Task requirements:
Below this line is a set of entries; quote exactly the lines from the line that contains "Humanité solidaire 64" to the line that contains "Bicycle Front Wheel", both lines included.

Provided records:
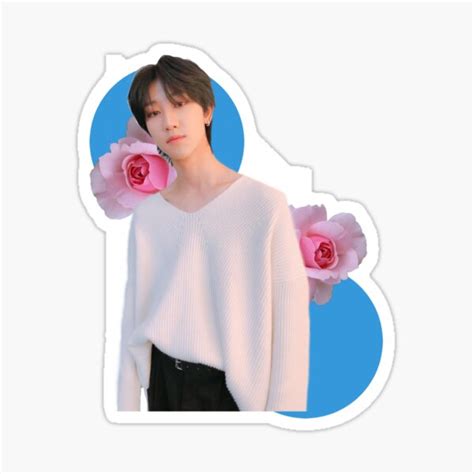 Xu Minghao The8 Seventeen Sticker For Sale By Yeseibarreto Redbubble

* * *

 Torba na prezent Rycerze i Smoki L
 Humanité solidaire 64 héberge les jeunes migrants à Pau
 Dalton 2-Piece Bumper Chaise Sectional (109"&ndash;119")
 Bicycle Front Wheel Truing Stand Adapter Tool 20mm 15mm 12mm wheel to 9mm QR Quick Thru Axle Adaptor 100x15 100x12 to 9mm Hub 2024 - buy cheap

Result of this task:
 Humanité solidaire 64 héberge les jeunes migrants à Pau
 Dalton 2-Piece Bumper Chaise Sectional (109"&ndash;119")
 Bicycle Front Wheel Truing Stand Adapter Tool 20mm 15mm 12mm wheel to 9mm QR Quick Thru Axle Adaptor 100x15 100x12 to 9mm Hub 2024 - buy cheap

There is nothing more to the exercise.